-- Task description --
Output all of the data below without changing a word, and exclude the pictures.

-- Given information --
----------------------------------------

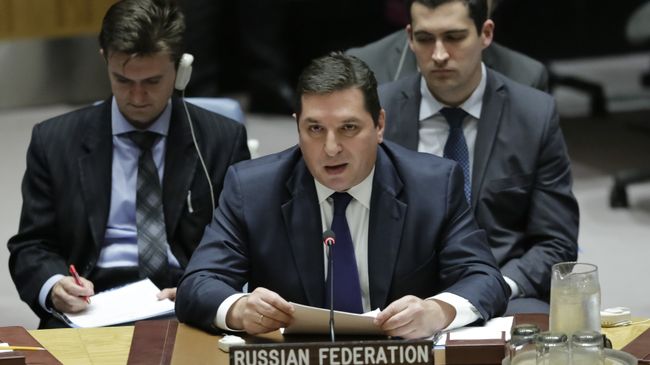 Заместитель постпреда РФ при ООН Владимир Сафронков на заседании Совбеза ООН по Северной Корее Заместитель постпреда РФ при ООН Владимир Сафронков на заседании Совбеза ООН по Северной Корее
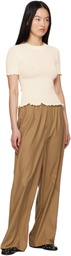 SEA NY Beige Abbie T-shirt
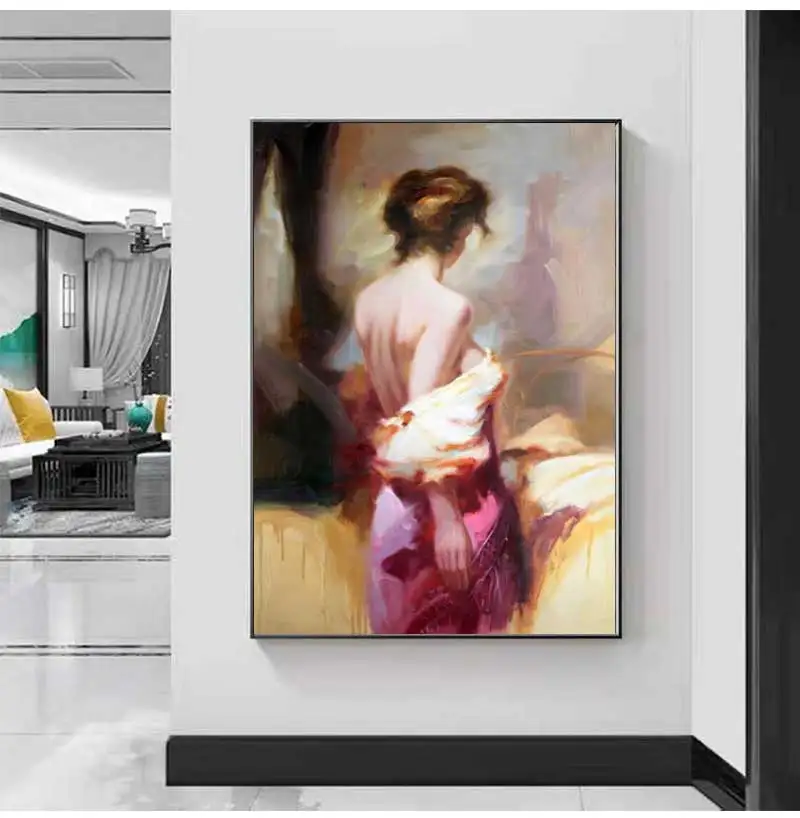 Картина по номерам Абстрактная фигура Ручная роспись маслом Рисунок на холсте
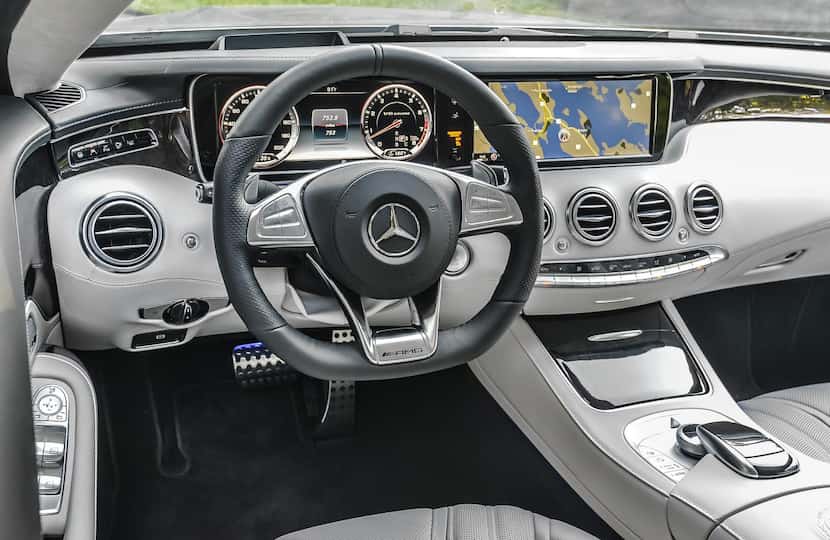 
Like many German luxury cars these days, the S63 has no center stack, relying instead on a...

----------------------------------------

-- Finished task --
 Заместитель постпреда РФ при ООН Владимир Сафронков на заседании Совбеза ООН по Северной Корее Заместитель постпреда РФ при ООН Владимир Сафронков на заседании Совбеза ООН по Северной Корее
 SEA NY Beige Abbie T-shirt
 Картина по номерам Абстрактная фигура Ручная роспись маслом Рисунок на холсте
Like many German luxury cars these days, the S63 has no center stack, relying instead on a...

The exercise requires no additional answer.